Chakraborty, 28, was regularly hounded by reporters when she appeared in public, with news commentators opining on her innocence or guilt.

Rajput's family claims she poisoned him, used black magic and is responsible for his death.

"There has been a conspiracy to break me and my family and my spirit," Chakraborty said in an interview with television anchor Rajdeep Sardesai in late August. "It is the systematic breakdown of an innocent family, an innocent girl who loved an innocent boy."

On Sunday, she was jostled by a pack of journalists as she tried to enter a narcotics department office in Mumbai, where police struggled to disperse the crowd.

"Sickening," journalist Swati Chaturvedi wrote on Twitter. Alaka Sahani, a senior Indian Express journalist, said, "The visuals of Rhea being hounded makes my stomach churn and puke."

The CBI, the federal police agency, said last month it was investigating allegations of abetment to suicide and criminal conspiracy. Its announcement came after requests from Rajput's family and Chakraborty.

In a statement last week, the CBI said some media reports on its probe were "speculative" and "not credible". The bureau, it said, "has not shared any details of investigation with media".
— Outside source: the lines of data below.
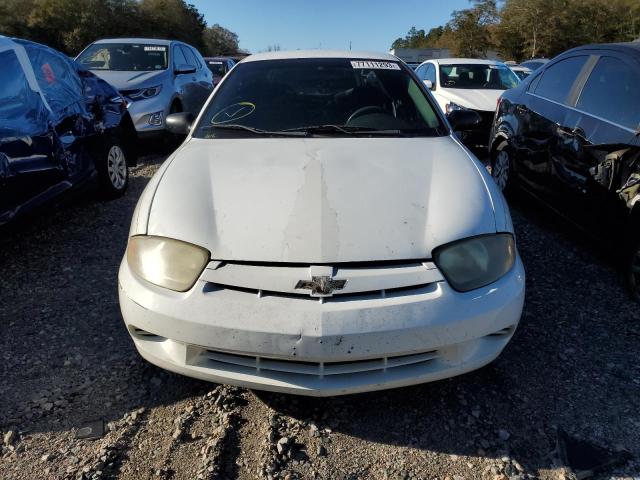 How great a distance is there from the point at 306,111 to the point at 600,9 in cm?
4906

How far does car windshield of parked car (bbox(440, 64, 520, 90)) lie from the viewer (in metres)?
8.52

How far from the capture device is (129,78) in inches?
283

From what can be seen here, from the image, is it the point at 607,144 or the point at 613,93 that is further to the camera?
the point at 613,93

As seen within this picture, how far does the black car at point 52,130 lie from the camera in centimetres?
352

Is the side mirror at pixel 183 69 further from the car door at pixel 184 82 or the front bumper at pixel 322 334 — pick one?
the front bumper at pixel 322 334

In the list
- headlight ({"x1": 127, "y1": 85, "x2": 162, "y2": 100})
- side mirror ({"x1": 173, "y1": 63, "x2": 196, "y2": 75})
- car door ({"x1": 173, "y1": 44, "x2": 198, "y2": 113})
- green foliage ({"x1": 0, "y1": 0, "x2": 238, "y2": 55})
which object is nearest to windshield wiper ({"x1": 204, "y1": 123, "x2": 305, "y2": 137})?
headlight ({"x1": 127, "y1": 85, "x2": 162, "y2": 100})

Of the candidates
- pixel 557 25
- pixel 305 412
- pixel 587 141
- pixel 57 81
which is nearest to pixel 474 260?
pixel 305 412

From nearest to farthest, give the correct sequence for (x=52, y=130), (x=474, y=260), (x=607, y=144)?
(x=474, y=260)
(x=607, y=144)
(x=52, y=130)

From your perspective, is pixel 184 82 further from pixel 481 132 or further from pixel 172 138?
pixel 481 132

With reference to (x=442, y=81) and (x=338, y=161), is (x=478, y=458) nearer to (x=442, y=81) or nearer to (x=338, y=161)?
(x=338, y=161)

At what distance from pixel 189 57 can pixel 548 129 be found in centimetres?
691

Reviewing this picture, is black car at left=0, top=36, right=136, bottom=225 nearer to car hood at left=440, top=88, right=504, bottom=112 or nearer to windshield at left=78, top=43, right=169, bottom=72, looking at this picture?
windshield at left=78, top=43, right=169, bottom=72

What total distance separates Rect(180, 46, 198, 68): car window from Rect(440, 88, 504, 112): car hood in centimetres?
439

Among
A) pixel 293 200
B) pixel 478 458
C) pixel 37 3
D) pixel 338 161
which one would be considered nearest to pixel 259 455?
pixel 478 458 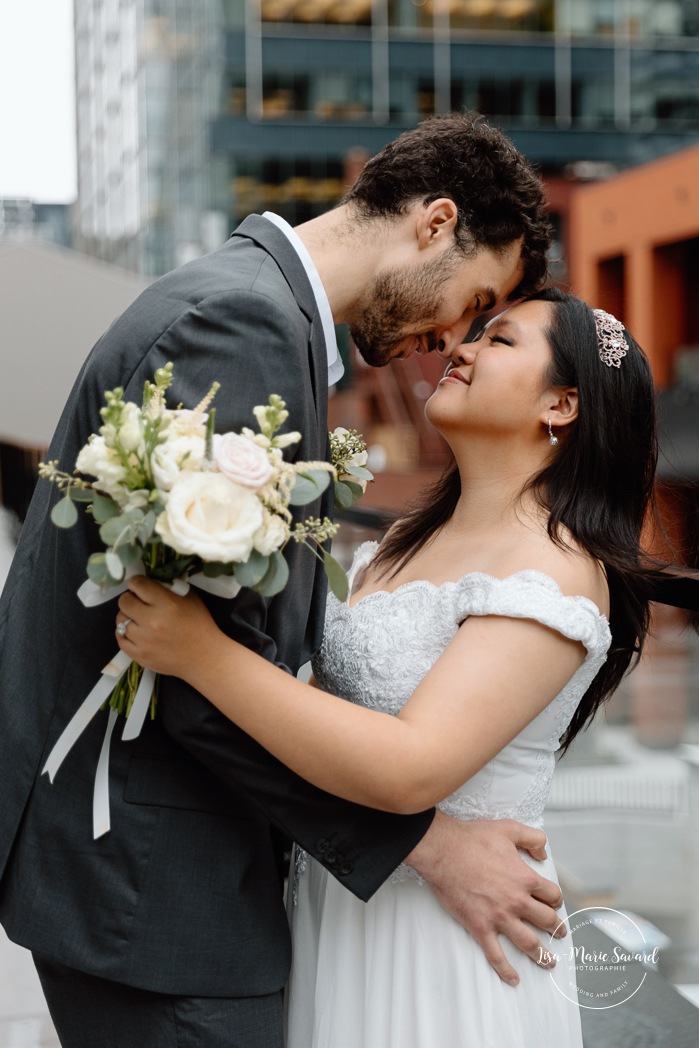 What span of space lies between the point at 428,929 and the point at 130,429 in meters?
1.06

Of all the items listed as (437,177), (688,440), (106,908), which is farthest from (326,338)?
(688,440)

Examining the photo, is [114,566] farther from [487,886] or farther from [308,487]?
[487,886]

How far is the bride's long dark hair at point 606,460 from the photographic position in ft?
7.22

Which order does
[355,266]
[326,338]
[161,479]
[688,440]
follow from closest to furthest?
[161,479]
[326,338]
[355,266]
[688,440]

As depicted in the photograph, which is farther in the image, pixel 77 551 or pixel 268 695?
pixel 77 551

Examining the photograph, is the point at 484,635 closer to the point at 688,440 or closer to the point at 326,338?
the point at 326,338

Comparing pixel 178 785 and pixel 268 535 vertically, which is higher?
pixel 268 535

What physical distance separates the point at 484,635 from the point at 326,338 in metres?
0.60

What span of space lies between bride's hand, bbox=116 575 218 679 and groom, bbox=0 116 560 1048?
0.21ft

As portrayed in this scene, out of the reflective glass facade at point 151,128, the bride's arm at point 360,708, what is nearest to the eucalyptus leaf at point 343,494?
the bride's arm at point 360,708

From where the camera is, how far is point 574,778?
3672 mm

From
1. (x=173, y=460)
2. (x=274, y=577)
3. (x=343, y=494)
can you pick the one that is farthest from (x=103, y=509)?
(x=343, y=494)

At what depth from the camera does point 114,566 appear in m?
1.54

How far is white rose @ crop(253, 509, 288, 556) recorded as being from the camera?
1550 millimetres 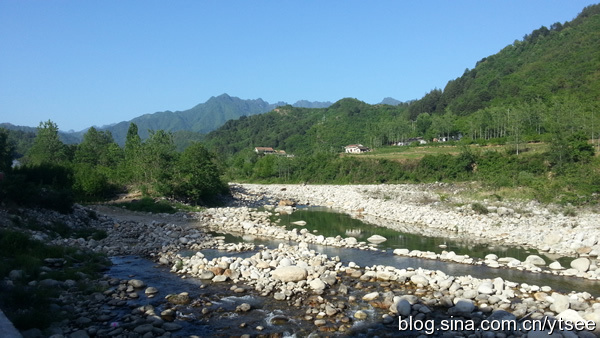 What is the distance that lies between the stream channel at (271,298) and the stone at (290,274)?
1.13 meters

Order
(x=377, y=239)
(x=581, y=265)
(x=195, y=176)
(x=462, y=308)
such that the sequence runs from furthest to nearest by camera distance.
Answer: (x=195, y=176) < (x=377, y=239) < (x=581, y=265) < (x=462, y=308)

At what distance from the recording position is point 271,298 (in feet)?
31.6

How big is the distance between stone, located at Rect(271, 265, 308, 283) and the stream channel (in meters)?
1.13

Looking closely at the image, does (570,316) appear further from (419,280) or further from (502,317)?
(419,280)

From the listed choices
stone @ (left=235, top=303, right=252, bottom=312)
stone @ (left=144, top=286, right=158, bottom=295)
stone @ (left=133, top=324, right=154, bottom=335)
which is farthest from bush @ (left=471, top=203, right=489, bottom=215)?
stone @ (left=133, top=324, right=154, bottom=335)

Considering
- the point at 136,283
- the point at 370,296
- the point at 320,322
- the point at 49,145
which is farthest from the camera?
the point at 49,145

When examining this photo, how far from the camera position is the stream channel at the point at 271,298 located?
26.3 feet

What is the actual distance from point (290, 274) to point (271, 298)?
4.16ft

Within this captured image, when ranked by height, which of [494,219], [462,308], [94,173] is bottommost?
[494,219]

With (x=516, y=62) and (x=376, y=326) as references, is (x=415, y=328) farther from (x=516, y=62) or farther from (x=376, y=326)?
(x=516, y=62)

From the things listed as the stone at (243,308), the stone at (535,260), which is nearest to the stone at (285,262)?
the stone at (243,308)

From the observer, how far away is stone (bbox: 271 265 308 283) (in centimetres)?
1070

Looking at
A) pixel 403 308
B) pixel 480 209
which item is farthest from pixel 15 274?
pixel 480 209

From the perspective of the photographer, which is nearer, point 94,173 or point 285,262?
point 285,262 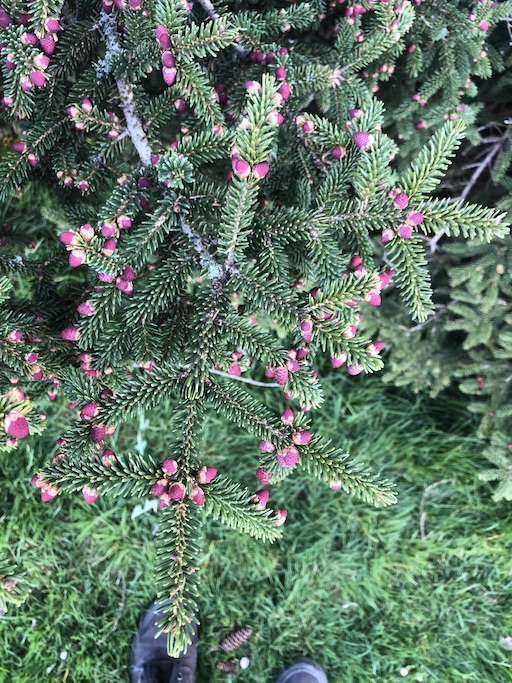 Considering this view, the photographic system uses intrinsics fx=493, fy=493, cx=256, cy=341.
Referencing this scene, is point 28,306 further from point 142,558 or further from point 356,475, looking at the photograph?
point 142,558

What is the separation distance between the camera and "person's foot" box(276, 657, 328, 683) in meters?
2.43

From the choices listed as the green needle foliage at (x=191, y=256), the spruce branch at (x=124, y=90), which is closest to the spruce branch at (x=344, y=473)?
the green needle foliage at (x=191, y=256)

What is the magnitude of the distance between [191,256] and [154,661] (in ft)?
7.45

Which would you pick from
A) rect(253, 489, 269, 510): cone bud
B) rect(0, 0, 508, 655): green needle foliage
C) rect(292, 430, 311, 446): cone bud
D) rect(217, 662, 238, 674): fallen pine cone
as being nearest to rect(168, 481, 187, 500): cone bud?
rect(0, 0, 508, 655): green needle foliage

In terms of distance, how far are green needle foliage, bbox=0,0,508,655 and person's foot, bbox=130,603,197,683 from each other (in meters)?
1.60

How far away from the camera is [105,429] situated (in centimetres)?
113

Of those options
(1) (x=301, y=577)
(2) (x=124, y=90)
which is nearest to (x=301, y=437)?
(2) (x=124, y=90)

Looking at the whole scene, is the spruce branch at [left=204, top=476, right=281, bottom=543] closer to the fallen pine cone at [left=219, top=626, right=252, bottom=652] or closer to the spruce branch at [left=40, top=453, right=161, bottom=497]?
the spruce branch at [left=40, top=453, right=161, bottom=497]

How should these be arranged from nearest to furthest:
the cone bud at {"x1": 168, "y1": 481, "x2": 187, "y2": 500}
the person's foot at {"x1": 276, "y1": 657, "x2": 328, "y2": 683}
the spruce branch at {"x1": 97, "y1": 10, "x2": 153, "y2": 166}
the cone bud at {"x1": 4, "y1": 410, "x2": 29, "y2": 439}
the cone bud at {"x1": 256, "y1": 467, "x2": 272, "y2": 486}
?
the cone bud at {"x1": 4, "y1": 410, "x2": 29, "y2": 439} < the cone bud at {"x1": 168, "y1": 481, "x2": 187, "y2": 500} < the cone bud at {"x1": 256, "y1": 467, "x2": 272, "y2": 486} < the spruce branch at {"x1": 97, "y1": 10, "x2": 153, "y2": 166} < the person's foot at {"x1": 276, "y1": 657, "x2": 328, "y2": 683}

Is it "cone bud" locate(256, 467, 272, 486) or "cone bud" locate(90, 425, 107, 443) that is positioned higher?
"cone bud" locate(90, 425, 107, 443)

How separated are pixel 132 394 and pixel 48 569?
1905mm

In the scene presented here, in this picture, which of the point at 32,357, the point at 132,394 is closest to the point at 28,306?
the point at 32,357

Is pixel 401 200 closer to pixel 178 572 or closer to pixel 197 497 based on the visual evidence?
pixel 197 497

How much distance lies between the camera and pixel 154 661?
252 centimetres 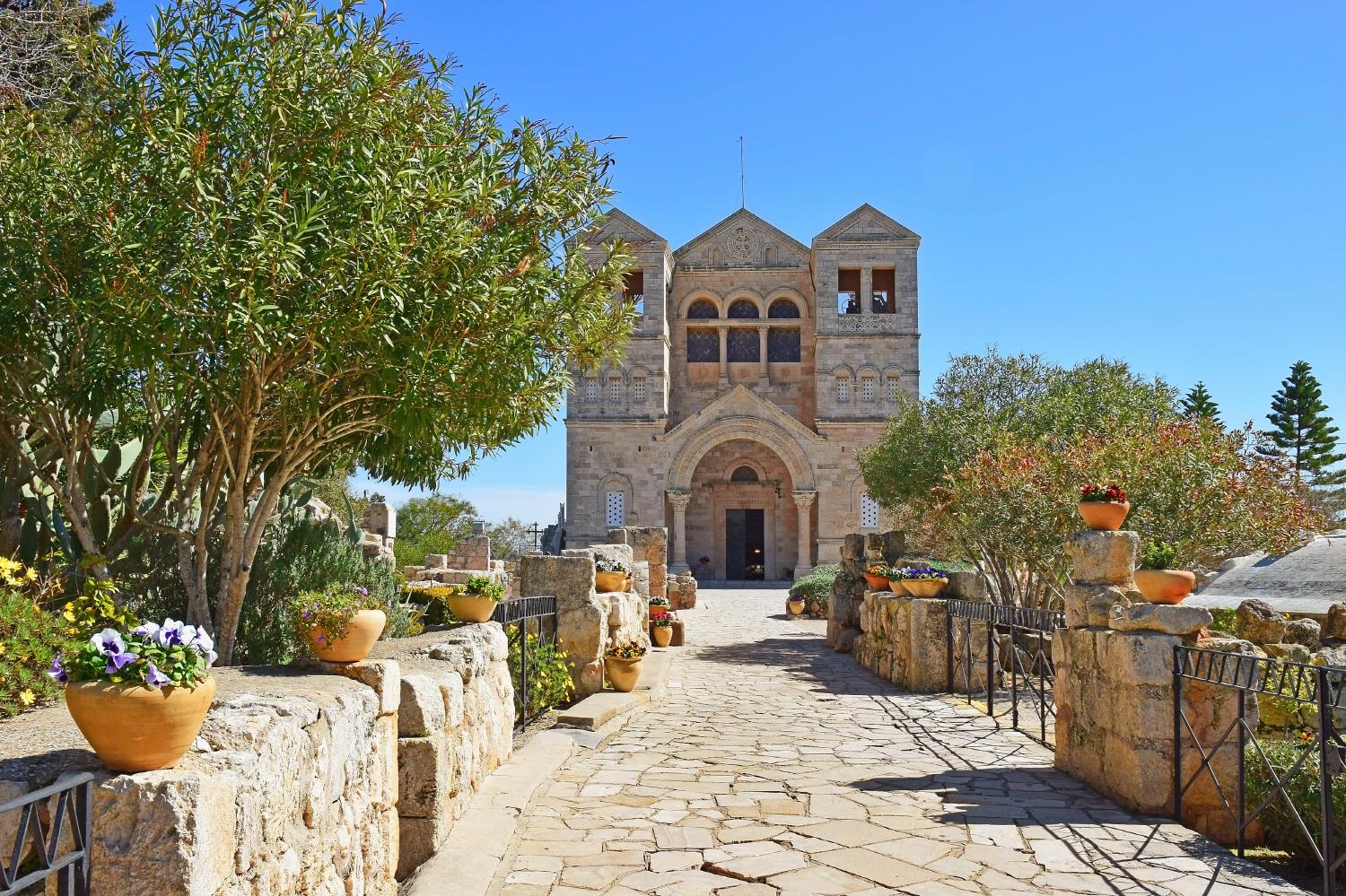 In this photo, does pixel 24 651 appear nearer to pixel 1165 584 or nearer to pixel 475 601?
pixel 475 601

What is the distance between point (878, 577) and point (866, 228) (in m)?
25.1

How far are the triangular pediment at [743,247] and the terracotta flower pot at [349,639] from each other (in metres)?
34.8

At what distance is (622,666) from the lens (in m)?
10.3

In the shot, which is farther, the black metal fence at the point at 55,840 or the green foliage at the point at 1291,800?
the green foliage at the point at 1291,800

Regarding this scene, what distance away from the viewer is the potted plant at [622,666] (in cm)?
1026

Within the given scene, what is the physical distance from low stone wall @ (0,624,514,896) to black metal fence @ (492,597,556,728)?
2.07 metres

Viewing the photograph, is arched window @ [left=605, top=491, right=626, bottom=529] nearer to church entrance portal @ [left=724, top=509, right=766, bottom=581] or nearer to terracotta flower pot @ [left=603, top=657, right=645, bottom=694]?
church entrance portal @ [left=724, top=509, right=766, bottom=581]

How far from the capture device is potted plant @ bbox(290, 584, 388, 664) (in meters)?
4.67

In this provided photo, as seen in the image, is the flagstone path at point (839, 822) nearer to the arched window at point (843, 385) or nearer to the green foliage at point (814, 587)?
the green foliage at point (814, 587)

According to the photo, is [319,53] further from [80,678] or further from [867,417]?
[867,417]

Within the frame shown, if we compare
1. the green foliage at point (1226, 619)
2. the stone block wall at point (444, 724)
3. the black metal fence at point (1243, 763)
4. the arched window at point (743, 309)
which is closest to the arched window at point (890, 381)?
the arched window at point (743, 309)

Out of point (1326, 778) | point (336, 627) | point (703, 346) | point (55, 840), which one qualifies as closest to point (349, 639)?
point (336, 627)

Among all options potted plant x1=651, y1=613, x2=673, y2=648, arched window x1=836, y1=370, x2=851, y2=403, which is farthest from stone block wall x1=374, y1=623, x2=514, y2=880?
arched window x1=836, y1=370, x2=851, y2=403

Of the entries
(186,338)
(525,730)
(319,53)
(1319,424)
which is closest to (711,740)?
(525,730) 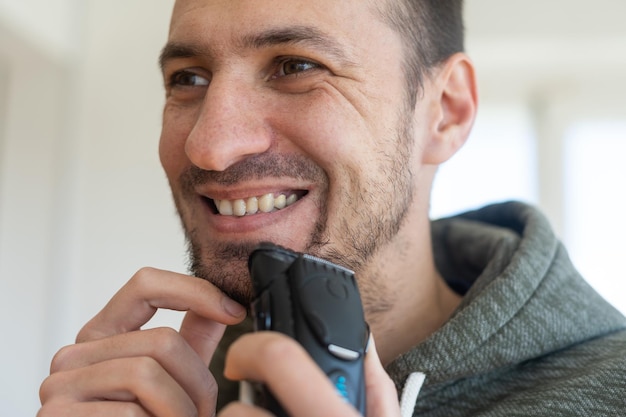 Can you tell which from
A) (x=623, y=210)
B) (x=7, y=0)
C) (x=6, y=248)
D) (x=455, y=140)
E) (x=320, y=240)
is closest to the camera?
(x=320, y=240)

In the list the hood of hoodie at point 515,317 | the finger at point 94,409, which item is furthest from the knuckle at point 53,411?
the hood of hoodie at point 515,317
The Press Council of India has urged the media not to "conduct its own parallel trial".

Some television editors have defended the coverage.

Arnab Goswami, editor of Republic TV and a widely watched anchor known for his sharp-elbowed commentary, last week credited his channel's coverage with ensuring that Rajput’s death wasn’t “whitewashed” as a suicide.

"I pushed, I pressurized, I connected the dots," he told news website OpIndia. "In the process, if I've done a media trial, I'm happy I have done one."

Goswami did not respond to a request for comment from Reuters. His main show, The Debate, ran last week with the hashtag #ArrestRheaNext.

Soon after her arrest on Tuesday, the channel started using the tag #RheaArrested.